* Instructions for the task
When you write out the listing, keep every character and omit the pictures.
Data listing Start Marker
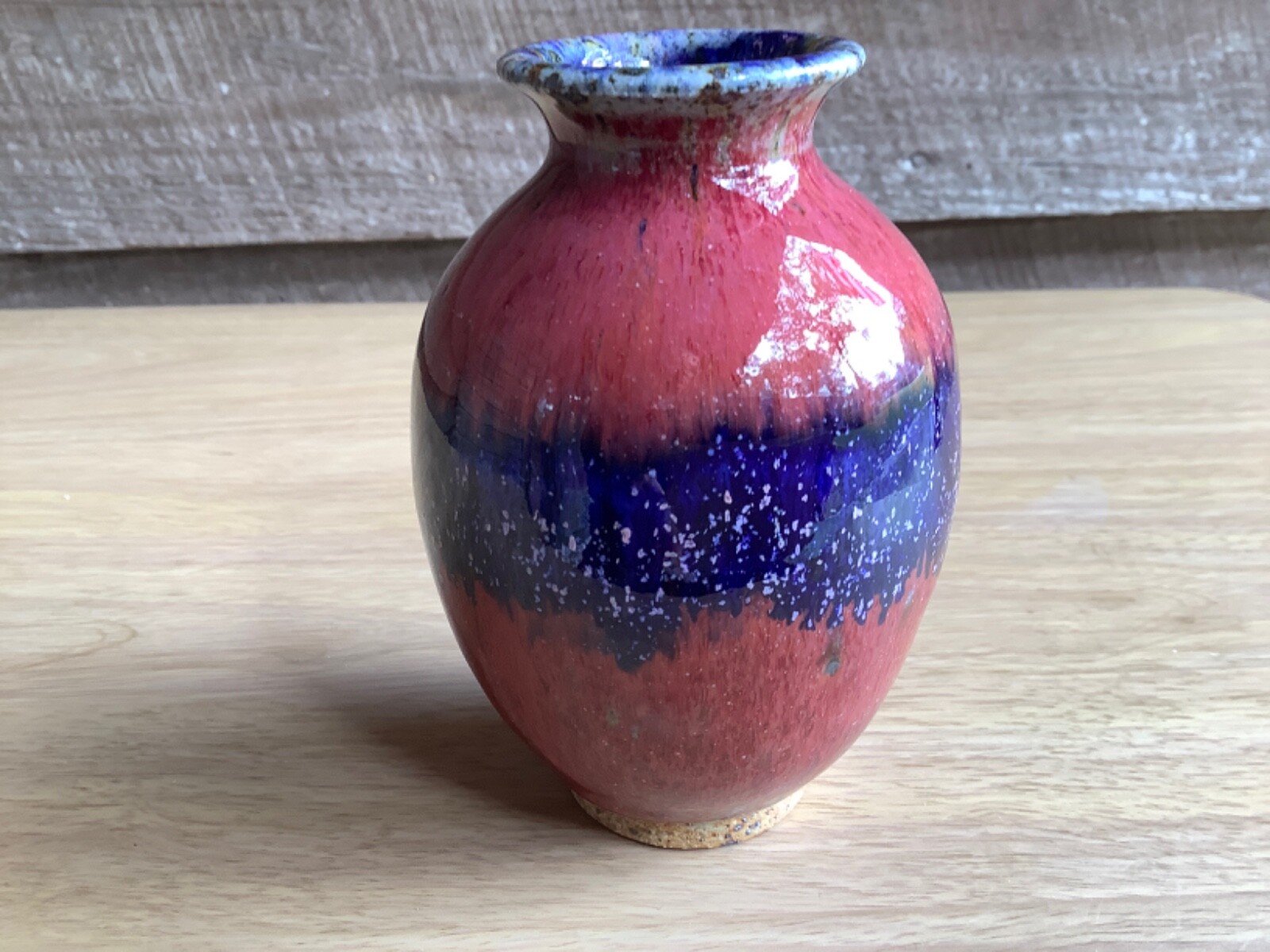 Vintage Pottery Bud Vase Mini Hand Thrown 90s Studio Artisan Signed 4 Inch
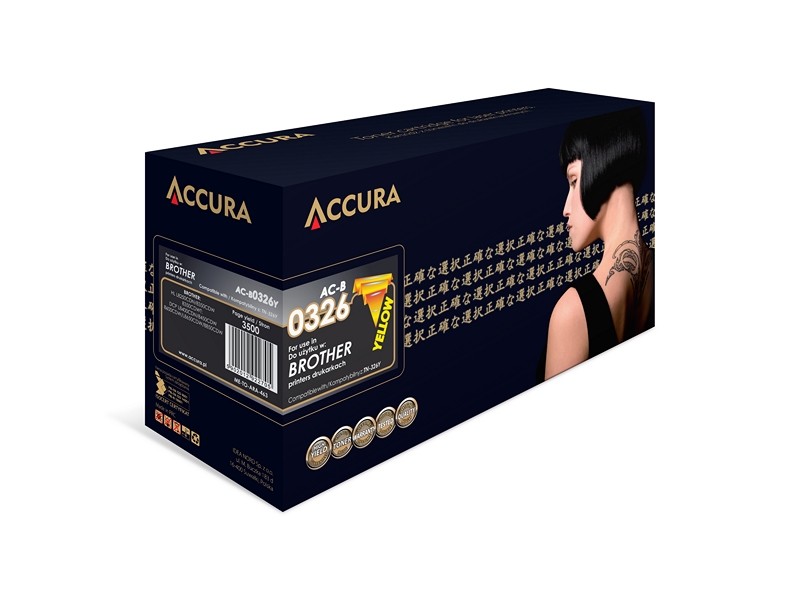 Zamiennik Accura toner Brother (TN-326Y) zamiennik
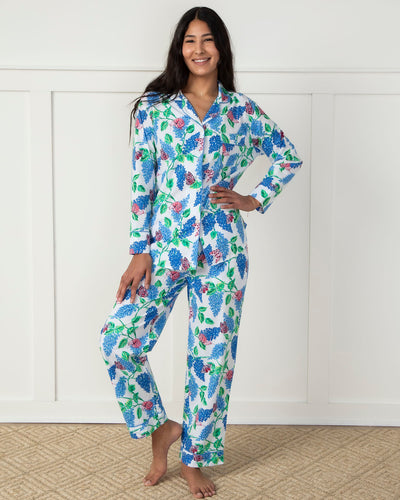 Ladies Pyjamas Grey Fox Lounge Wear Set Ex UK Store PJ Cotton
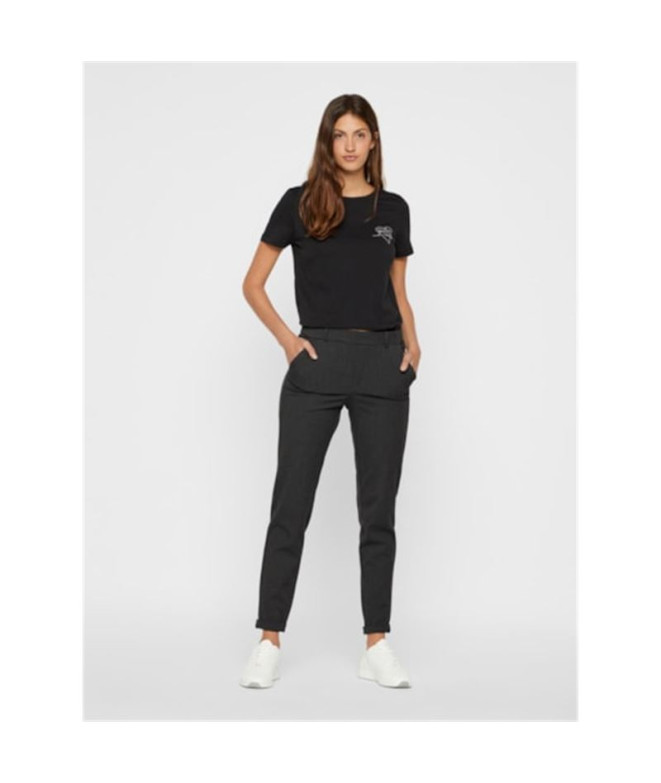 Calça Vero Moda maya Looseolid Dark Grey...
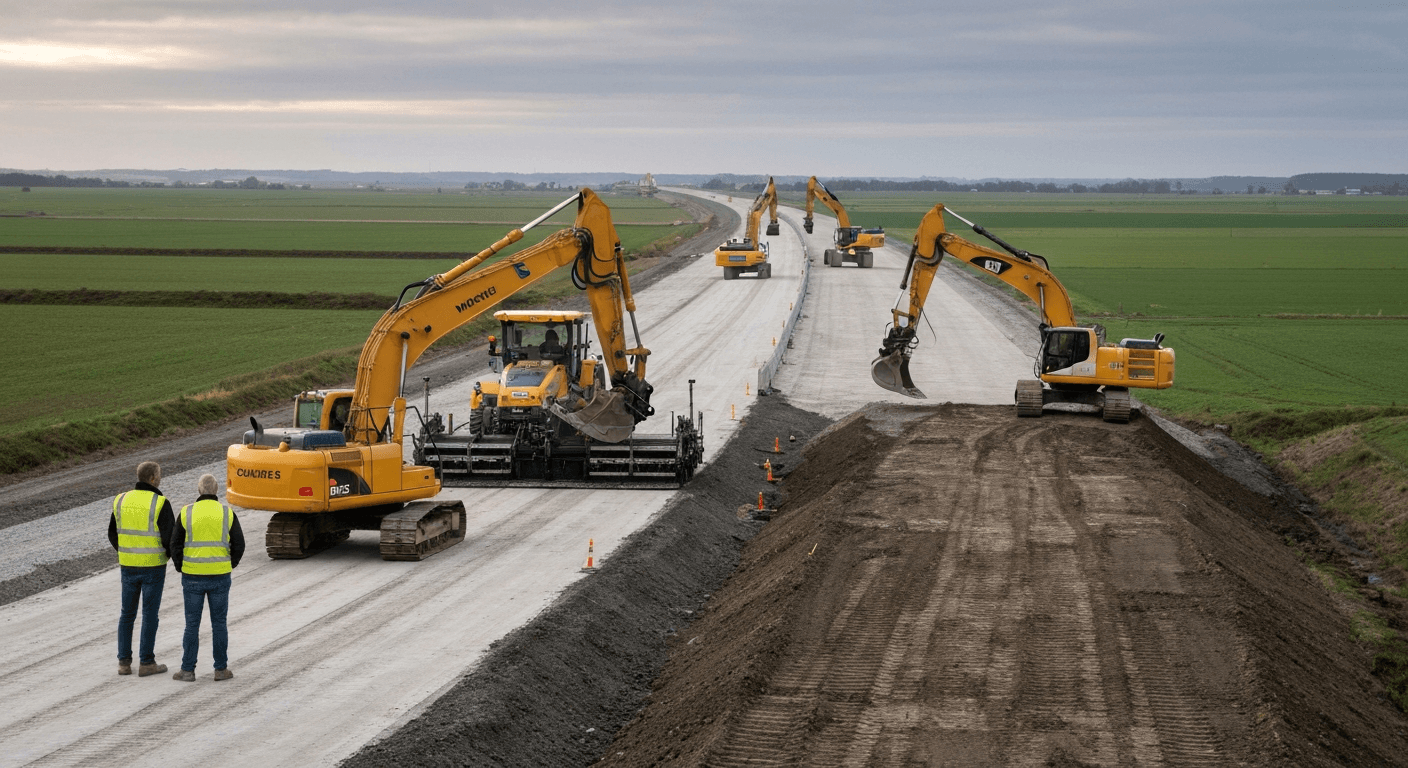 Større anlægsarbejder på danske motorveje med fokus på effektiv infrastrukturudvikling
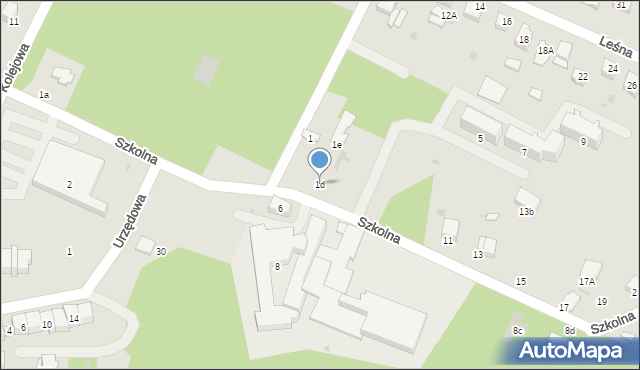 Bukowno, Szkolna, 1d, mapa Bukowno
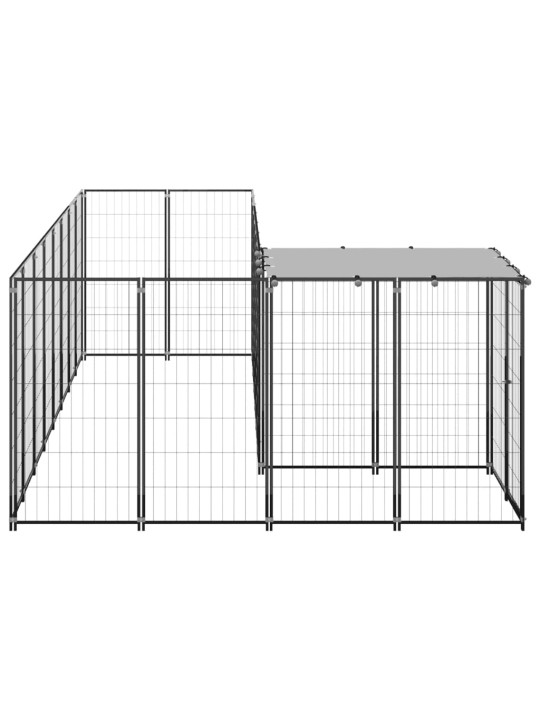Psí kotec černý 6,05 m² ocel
Data listing End Marker
* Finished task
 Vintage Pottery Bud Vase Mini Hand Thrown 90s Studio Artisan Signed 4 Inch
 Zamiennik Accura toner Brother (TN-326Y) zamiennik
 Ladies Pyjamas Grey Fox Lounge Wear Set Ex UK Store PJ Cotton
 Calça Vero Moda maya Looseolid Dark Grey...
 Større anlægsarbejder på danske motorveje med fokus på effektiv infrastrukturudvikling
 Bukowno, Szkolna, 1d, mapa Bukowno
Psí kotec černý 6,05 m² ocel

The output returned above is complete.